Alle Zitate verwendet in 2.a sind aus der Rede von Richard von Weizsäcker entnommen, gehalten am 8. Mai 1985 im Plenarsaal des Deutschen Bundestags. Als Quelle diente hierzu die veröffentliche Rede auf der offiziellen Web-Site des Bundespräsidenten.

Die vollständige, originale Rede ist auf der Web-Site des [Bundespräsidenten] zu finden.

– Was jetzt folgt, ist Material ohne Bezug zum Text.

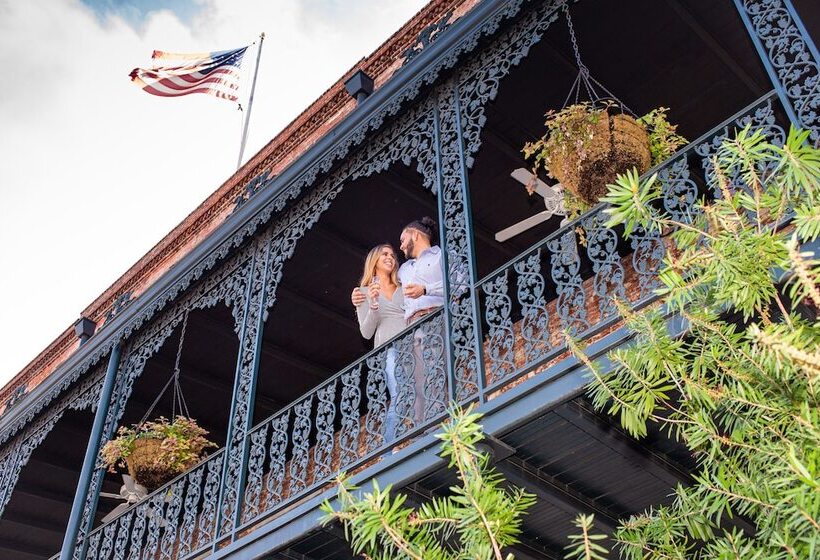 스탠다드 룸 더블 침대, The Marshall House, Historic Inns Of Savannah Collection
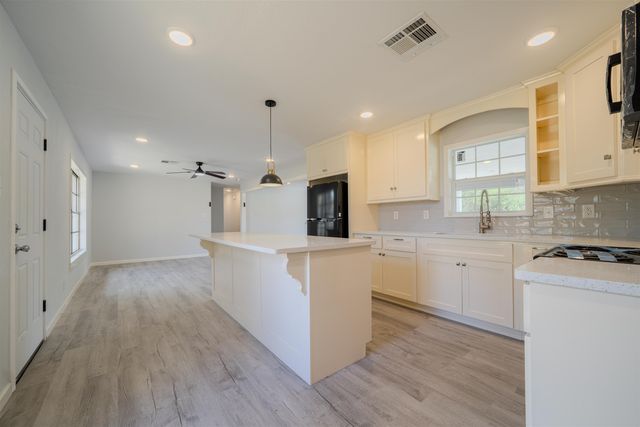 140 Martha, Waskom, TX 75692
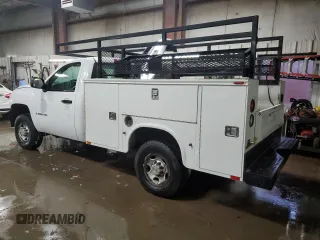 2009 Chevrolet Silverado 1500 with VIN 1GBHC44KX9F170295, listed as a Copart auction lot 45369965 with 166,640 mi miles and Salvage Title. Bid and sale history available at DreamBid. Image 2.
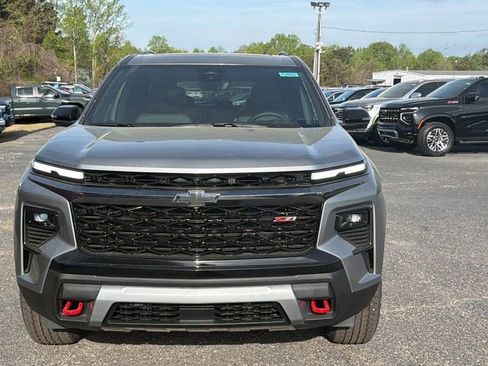 New 2026 Chevrolet Traverse Z71 image 2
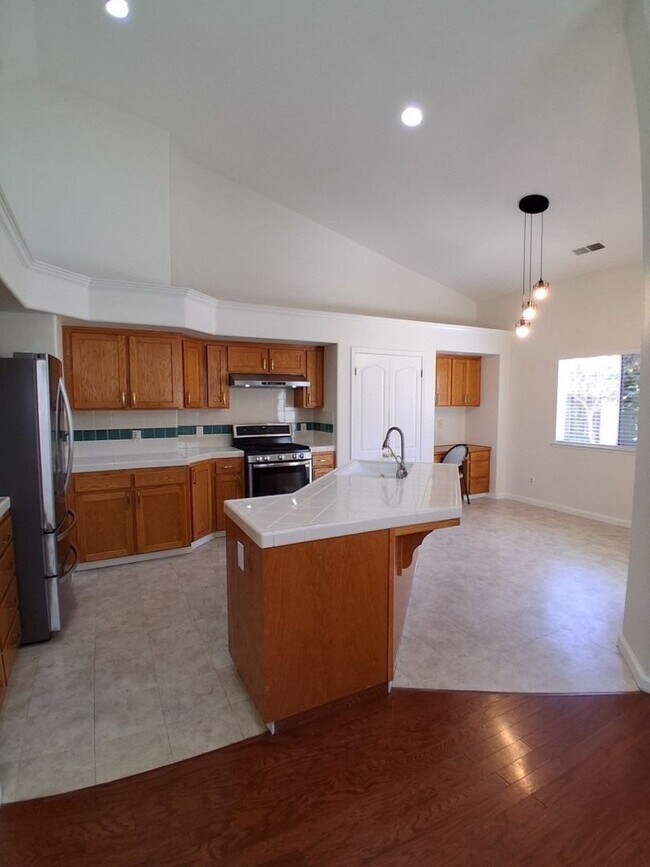 Building Photo - 10374 N Sierra Vista Ave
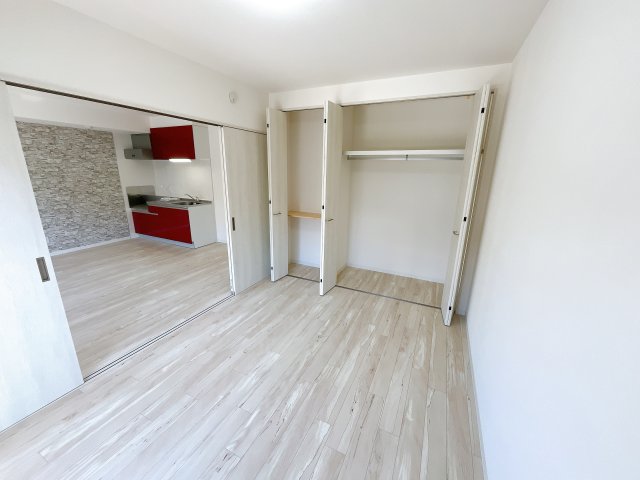 収納　別部屋同一間取りのお写真となります。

Relevanz für die heutige Zeit

Autor: JG

Der Artikel und die Frage der Niederlage oder Befreiung ist bis heute noch äußerst relevant. Denn wie bereits im Text erwähnt ist der zweite Weltkrieg und dessen Gräueltaten in keinster Weise unsere Schuld. Allerdings stehen wir als Deutsche Bürger und großteilige Nachfahren der Verantwortlichen in der Verantwortung des Erinnerns und der Pflicht das Geschehene nicht in Vergessenheit geraten zu lassen. Sodass so etwas nie wieder passiert, denn die Geschichte kann man nicht verändern aber man muss aus ihr lernen. Und gerade heutzutage wo es wieder immer mehr rechte Bewegungen, nationalistische Gedanken und Rassismus gibt; muss man vorsichtig sein und sich an das Geschehene erinnern, sodass es nie wieder so weit kommen kann.

Quellen

a. Internetseiten

  • Autor unbekannt, Zeitklicks, recherchiert am: 23.03.2020.
  • Diedirch, Oliver, Ausschwitz: „Das Schrecklichste, was ich je sah“, 27.01.2020, NDR, recherchiert am: 22.03.2020.
  • Grau, Andreas/Haunhorst, Regina/Würz, Markus: Nachkriegsjahre, in: Lebendiges Museum Online, Stiftung Haus der Geschichte der Bundesrepublik Deutschland, Lebendiges Museum Online, recherchiert am: 25.03.2020.


b. Videos

  • Autor(en) unbekannt, Momente der Geschichte, ZDF, recherchiert am 22.03.2020.
  • Autor unbekannt, Niederlage und Befreiung, 06.10.11, ZDF, recherchiert am: 22.03.2020.
  • Mühlen, Irmgard von zu, Die Befreiung von Ausschwitz, Vimeo, recherchiert am 22.03.2020.


c. Bücher

  • Müller, Helmut, Karl Friedrich Krieger, Hanna Vollrath, Schlaglichter der deutschen Geschichte, Mannheim; Wien; Zürich: Meyers Lexikonverlag, 1986.
  • Weizsäcker, Richard von, Vier Zeiten Erinnerungen, Berlin: Siedler Verlag, 1997.